Once the line containing "Used 2023 Jeep" is found in the entries below, restate it and each following line word for word, stopping after the line containing "Discover the Heartwarming".

(Provided entries begins)

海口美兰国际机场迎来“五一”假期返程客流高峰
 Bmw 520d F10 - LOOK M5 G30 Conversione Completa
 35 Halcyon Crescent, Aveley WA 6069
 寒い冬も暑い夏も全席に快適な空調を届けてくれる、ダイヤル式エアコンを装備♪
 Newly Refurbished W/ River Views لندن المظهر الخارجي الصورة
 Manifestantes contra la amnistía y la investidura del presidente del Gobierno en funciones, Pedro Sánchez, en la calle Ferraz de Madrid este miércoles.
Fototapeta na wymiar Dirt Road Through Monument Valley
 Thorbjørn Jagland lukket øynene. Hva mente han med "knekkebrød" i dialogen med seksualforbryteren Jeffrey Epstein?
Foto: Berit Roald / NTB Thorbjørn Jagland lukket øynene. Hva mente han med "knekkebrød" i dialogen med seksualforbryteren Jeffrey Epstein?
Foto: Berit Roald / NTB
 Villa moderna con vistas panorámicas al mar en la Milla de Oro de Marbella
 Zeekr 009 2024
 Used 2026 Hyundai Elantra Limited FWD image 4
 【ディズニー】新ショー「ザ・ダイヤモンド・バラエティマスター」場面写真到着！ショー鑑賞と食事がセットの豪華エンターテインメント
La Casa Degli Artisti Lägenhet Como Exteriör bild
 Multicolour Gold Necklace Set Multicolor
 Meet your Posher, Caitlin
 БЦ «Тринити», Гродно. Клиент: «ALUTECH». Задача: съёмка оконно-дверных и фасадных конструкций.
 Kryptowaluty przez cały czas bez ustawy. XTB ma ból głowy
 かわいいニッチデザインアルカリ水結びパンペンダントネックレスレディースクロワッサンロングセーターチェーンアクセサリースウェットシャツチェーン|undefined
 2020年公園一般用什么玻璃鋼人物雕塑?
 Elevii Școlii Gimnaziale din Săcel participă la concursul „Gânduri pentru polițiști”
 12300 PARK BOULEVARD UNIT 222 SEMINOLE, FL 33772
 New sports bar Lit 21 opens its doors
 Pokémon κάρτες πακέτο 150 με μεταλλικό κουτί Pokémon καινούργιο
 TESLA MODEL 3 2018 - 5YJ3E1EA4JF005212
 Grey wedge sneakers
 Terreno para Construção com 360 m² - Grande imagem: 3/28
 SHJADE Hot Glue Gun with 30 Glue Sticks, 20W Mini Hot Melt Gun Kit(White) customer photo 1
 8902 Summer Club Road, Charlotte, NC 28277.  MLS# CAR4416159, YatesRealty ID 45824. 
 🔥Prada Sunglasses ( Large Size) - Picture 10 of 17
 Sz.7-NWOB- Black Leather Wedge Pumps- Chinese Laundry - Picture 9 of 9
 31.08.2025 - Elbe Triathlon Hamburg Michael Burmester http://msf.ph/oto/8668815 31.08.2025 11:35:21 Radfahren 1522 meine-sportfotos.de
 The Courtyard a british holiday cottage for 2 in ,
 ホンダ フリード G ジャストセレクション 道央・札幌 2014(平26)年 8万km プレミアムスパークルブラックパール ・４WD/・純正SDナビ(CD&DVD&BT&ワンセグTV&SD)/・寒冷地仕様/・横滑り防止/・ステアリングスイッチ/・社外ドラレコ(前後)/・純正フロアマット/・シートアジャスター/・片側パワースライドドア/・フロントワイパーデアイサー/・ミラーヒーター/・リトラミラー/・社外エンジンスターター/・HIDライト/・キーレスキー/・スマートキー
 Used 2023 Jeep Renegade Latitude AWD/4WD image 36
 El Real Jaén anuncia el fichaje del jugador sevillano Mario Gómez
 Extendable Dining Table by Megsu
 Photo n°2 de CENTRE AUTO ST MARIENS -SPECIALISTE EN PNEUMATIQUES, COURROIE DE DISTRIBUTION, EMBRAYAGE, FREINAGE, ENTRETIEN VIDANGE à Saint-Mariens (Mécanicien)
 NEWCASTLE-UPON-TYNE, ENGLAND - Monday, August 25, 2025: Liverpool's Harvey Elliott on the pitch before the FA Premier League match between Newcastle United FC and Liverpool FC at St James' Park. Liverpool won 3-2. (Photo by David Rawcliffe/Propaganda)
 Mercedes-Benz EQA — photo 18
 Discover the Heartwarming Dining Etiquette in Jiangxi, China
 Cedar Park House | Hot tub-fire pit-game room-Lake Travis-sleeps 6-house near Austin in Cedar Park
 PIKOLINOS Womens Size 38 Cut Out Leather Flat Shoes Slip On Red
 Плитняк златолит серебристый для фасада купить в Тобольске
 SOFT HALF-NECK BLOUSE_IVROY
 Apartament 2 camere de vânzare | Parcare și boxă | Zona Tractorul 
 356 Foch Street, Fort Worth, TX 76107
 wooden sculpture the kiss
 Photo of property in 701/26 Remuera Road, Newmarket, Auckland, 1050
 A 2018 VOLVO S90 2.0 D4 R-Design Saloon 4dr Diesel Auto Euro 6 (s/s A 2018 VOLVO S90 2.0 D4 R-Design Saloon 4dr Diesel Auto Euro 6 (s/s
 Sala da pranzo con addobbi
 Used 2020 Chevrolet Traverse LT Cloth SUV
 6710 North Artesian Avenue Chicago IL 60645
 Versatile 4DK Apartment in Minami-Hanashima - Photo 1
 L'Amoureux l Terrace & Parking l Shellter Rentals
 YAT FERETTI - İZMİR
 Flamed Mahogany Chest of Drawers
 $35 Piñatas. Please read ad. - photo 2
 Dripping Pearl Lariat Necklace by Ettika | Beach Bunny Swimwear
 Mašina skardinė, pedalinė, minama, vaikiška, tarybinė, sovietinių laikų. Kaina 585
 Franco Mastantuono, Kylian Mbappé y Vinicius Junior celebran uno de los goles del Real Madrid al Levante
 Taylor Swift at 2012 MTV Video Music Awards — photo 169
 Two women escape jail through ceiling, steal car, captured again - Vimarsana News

(Provided entries ends)

— Output of the exercise —
 Used 2023 Jeep Renegade Latitude AWD/4WD image 36
 El Real Jaén anuncia el fichaje del jugador sevillano Mario Gómez
 Extendable Dining Table by Megsu
 Photo n°2 de CENTRE AUTO ST MARIENS -SPECIALISTE EN PNEUMATIQUES, COURROIE DE DISTRIBUTION, EMBRAYAGE, FREINAGE, ENTRETIEN VIDANGE à Saint-Mariens (Mécanicien)
 NEWCASTLE-UPON-TYNE, ENGLAND - Monday, August 25, 2025: Liverpool's Harvey Elliott on the pitch before the FA Premier League match between Newcastle United FC and Liverpool FC at St James' Park. Liverpool won 3-2. (Photo by David Rawcliffe/Propaganda)
 Mercedes-Benz EQA — photo 18
 Discover the Heartwarming Dining Etiquette in Jiangxi, China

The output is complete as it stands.